2014 should be the year for reconciliation in the Western Balkans, with the OSCE advancing regional cooperation and playing a supporting role in the implementation of the Belgrade-Pristina agreement, he said.
Protracted conflicts in the South Caucasus, including the Nagorno-Karabakh conflict, the consequences of the August 2008 conflict in Georgia, and the Transdniestrian settlement process are also high on the agenda, Burkhalter said.
“We are well aware that progress may not come overnight, and that no settlement will be feasible unless the parties are committed. However, we firmly believe that it is not an option to simply wait and see,” he added.
Incidents on the contact line between the Armenian and Azerbaijani armed forces remain a matter of concern, Burkhalter said.
He added that high-level contacts have intensified after the meeting of the Presidents of Azerbaijan and Armenia in Vienna.
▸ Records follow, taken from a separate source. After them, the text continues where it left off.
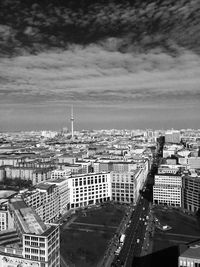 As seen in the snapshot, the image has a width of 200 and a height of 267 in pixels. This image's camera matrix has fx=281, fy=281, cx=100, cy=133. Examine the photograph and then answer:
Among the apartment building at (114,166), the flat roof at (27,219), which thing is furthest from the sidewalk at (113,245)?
the apartment building at (114,166)

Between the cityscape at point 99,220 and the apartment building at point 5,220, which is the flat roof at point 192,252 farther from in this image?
the apartment building at point 5,220

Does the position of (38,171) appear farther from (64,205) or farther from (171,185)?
(171,185)

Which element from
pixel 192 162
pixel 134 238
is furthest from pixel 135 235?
pixel 192 162

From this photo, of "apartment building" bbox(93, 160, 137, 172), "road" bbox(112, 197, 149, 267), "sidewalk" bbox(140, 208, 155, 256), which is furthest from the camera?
"apartment building" bbox(93, 160, 137, 172)

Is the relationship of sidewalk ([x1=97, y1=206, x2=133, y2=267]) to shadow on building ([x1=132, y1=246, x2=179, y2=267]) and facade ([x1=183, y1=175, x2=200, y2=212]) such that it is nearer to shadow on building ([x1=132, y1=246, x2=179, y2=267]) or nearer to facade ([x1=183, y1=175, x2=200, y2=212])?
shadow on building ([x1=132, y1=246, x2=179, y2=267])

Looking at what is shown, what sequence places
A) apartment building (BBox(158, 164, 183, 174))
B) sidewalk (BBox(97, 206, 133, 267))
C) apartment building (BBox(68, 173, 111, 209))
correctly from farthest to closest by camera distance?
apartment building (BBox(158, 164, 183, 174)), apartment building (BBox(68, 173, 111, 209)), sidewalk (BBox(97, 206, 133, 267))

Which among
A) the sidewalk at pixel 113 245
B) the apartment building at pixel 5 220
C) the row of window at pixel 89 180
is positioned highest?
the row of window at pixel 89 180

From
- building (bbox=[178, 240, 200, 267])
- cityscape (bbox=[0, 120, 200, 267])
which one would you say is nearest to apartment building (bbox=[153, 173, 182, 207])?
cityscape (bbox=[0, 120, 200, 267])
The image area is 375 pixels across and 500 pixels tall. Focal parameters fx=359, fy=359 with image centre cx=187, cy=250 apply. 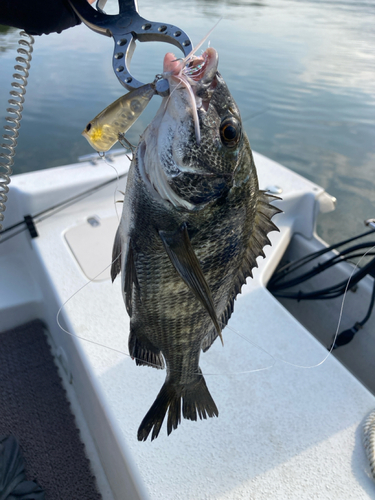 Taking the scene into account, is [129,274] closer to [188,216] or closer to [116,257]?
[116,257]

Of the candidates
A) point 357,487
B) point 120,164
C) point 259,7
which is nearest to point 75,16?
point 357,487

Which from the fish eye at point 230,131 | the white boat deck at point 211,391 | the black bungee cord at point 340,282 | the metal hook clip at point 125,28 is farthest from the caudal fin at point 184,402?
the black bungee cord at point 340,282

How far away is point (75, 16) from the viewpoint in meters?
0.91

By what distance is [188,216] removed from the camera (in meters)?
1.00

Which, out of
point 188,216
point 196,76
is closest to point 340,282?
point 188,216

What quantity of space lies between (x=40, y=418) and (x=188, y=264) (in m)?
1.71

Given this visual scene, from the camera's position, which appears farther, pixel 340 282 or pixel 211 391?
pixel 340 282

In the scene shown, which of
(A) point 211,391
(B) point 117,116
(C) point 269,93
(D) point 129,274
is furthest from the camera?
(C) point 269,93

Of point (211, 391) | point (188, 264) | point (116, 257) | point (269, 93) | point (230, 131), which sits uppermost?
point (230, 131)

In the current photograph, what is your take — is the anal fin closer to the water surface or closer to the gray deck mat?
the gray deck mat

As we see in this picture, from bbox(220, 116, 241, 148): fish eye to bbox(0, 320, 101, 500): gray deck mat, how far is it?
5.94 ft

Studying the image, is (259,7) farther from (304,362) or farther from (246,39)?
(304,362)

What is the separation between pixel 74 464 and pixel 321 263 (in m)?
2.17

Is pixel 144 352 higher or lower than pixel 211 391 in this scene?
higher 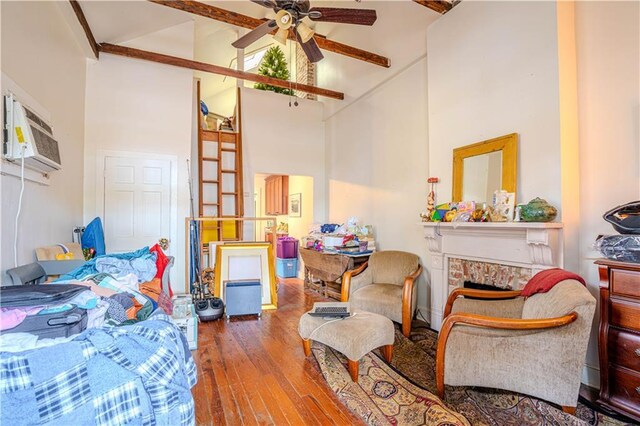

The OSCE Chairperson-in-Office also said that in the south Caucasus there have been some encouraging signs concerning the Nagorno-Karabakh conflict in recent weeks.
Burkhalter stressed that the Swiss Chairmanship of the OSCE will support the efforts of the Minsk Group co-chairs through Ambassador Andrzej Kasprzyk, who will also encourage contacts between the civil societies of Azerbaijan and Armenia and between experts.